1 Misc.2d 108 (1956)

Lou Stillman, Plaintiff, v. Paramount Pictures Corporation et al., Defendants.

Supreme Court, Special Term, New York County.

January 4, 1956.

Attorney(s) appearing for the Case

Louis Scadron, John S. Finn and Allan A. Masur for plaintiff.

Louis Phillips, David Mandel and Leonard Kaufman for defendants.


The defendants move to dismiss for insufficiency each of the two causes of action stated in the complaint, or in the alternative to strike certain allegations as irrelevant.

The first cause of action is brought under the Civil Rights Law (§§ 50, 51) for use of the plaintiff's name for purposes of trade and the second for libel; both are founded essentially on the same facts.

The plaintiff conducts a gymnasium in the city of New York for the training of boxers and prize fighters, and his name has acquired an excellent world-wide reputation in connection with the training of prize fighters and he has established a valuable good will. The defendants have produced and distributed a fictional dramatic motion picture entitled "The Country Girl". As part of the fictional story one of the principal actors speaks words on the soundtrack to the effect that he could go to "Stillman's Gym and get a punch-drunk fighter." The first cause of action alleges that this was a use of the plaintiff's name for purposes of trade without his consent.

The defendants argue that the quoted words referred to the plaintiff's gymnasium or business establishment, rather than to the plaintiff himself, and therefore their utterance did not constitute the use of the name of a living person. Even were it assumed that the plaintiff's name was used, the question remains whether the use in the circumstances stated was for purposes of trade. The statute, enacted to protect the individual's right of privacy, does not prohibit every use of his name. It condemns commercial exploitation. (See Gautier v. Pro-Football, 304 N.Y. 354.) There is no claim here that the motion picture featured or centered about the plaintiff. Nor is it suggested that his name was given to any of the characters in the picture. There was merely the single, passing reference which has been quoted.

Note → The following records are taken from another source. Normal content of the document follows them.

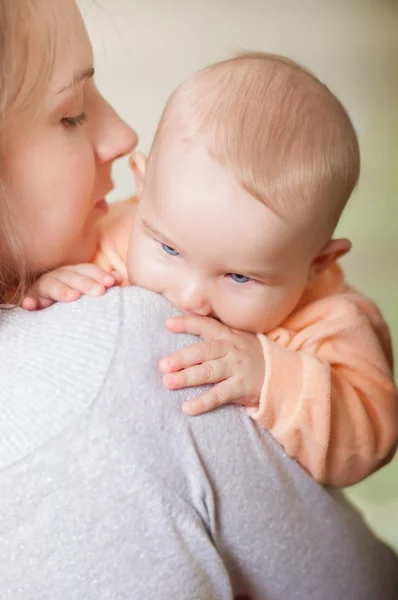 Ung mamma hålla en baby — Stockfoto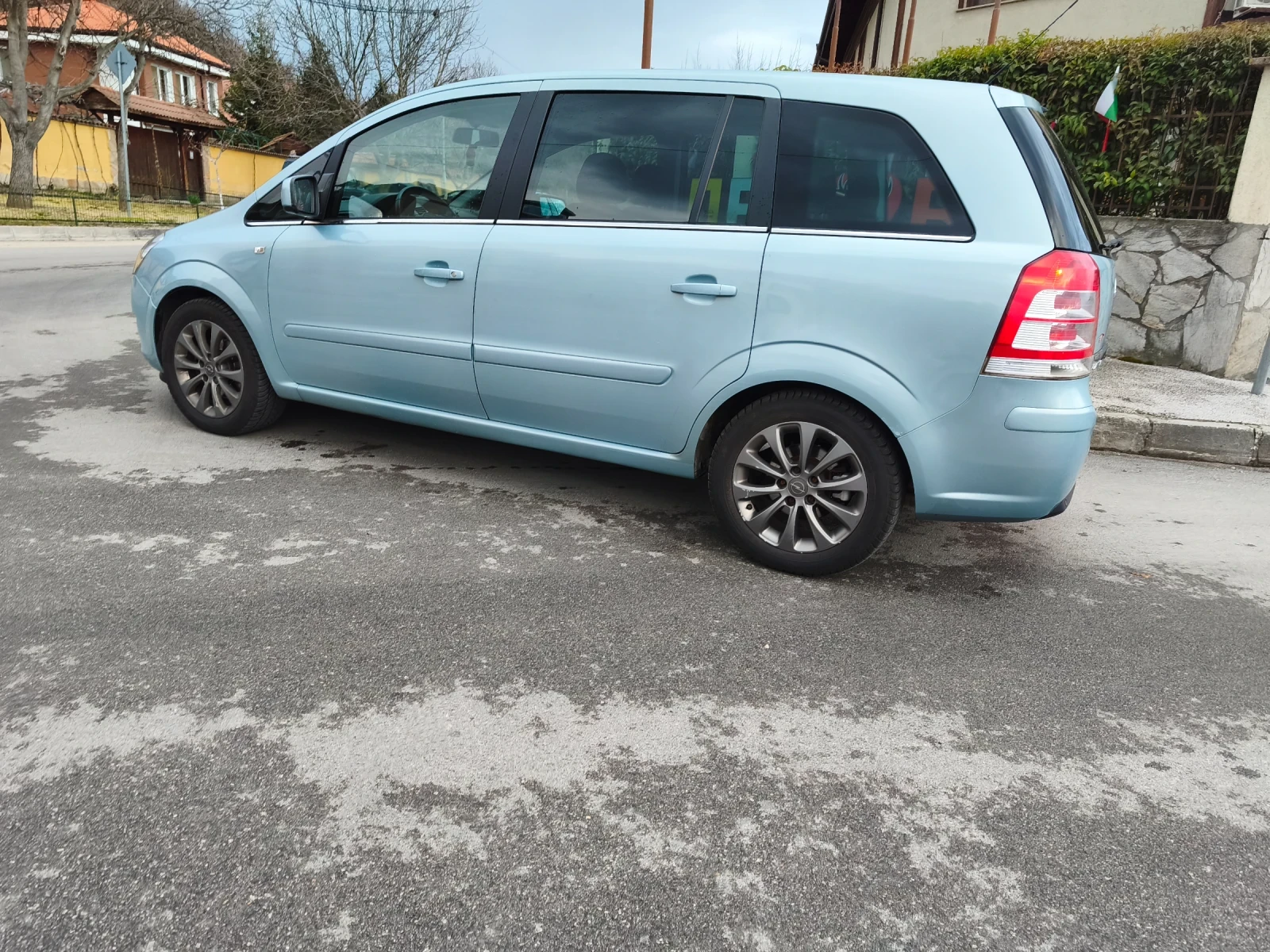 Opel Zafira, снимка 3 - Автомобили и джипове - 53941807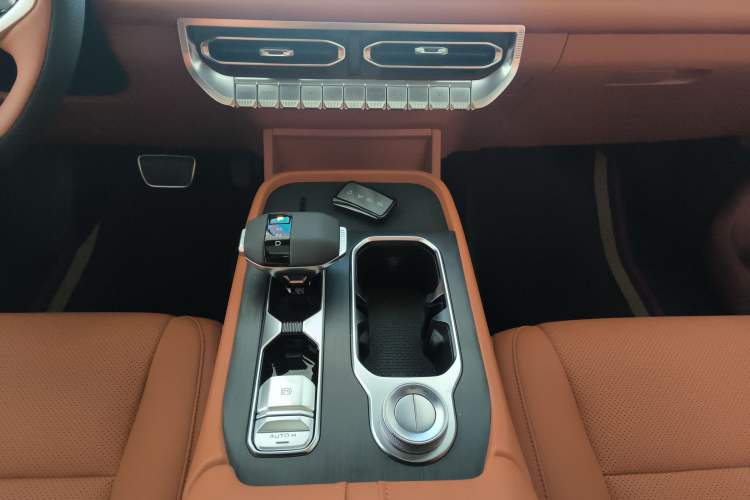 Used Dongfeng Zhengzhou Nissan Z9 GE PHEV 2025 135KM All-Wheel Drive Deluxe Edition
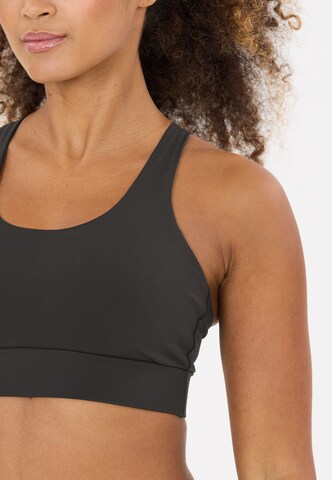 Athlecia Medium support Sport bh 'Gaby V3' in Zwart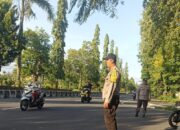 Ngabuburit di Lombok Barat? Tenang, Ada Polisi yang Jaga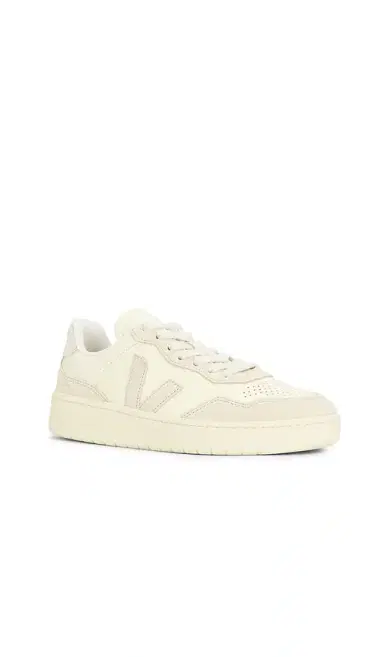 Veja V-90 Sneaker | Thumbnail 2 Veja V-90 Sneaker | Thumbnail 2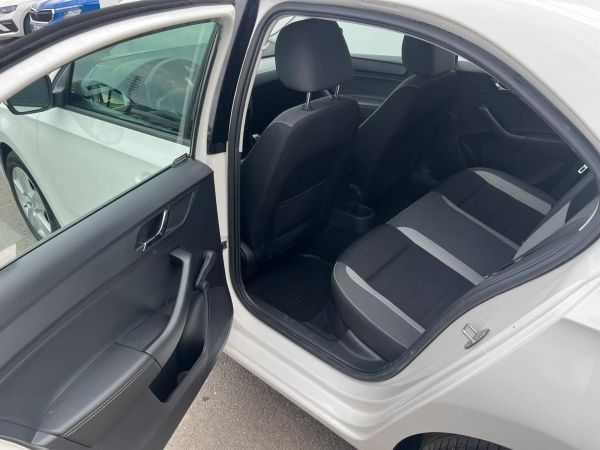 Autokomplex Menčík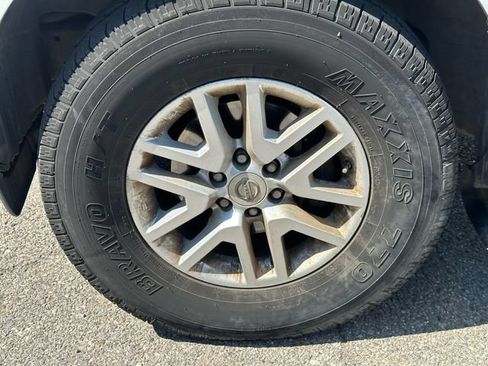 Used 2018 Nissan Frontier SV AWD/4WD image 16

In my opinion, the incidental and isolated mention of the plaintiff's name in the circumstances stated may not fairly be viewed as a use forbidden by the statute. To do so would press the law to unreasonable and unwarranted lengths. The use here is somewhat similar to that in Merle v. Sociological Research Film Corp. (166 App. Div. 376) where the plaintiff's building, bearing his name on its sign, was photographed and used in a motion picture. The court held that the use of the name was merely incidental to the use of the picture of the building and not a use of the name itself for the purpose of trade. Again in Wallach v. Bacharach (192 Misc. 979, affd. 274 App. Div. 919) the mention of the plaintiff's name in a news report wholly unrelated to the defendant's product but published in paid advertising space in juxtaposition to matter advertising the product, was held not to be a use of the name for advertising purposes. (See, also, Damron v. Doubleday, Doran & Co., 133 Misc. 302, affd. 226 App. Div. 796.) In my opinion the complaint does not state a cause of action for violation of the Civil Rights Law.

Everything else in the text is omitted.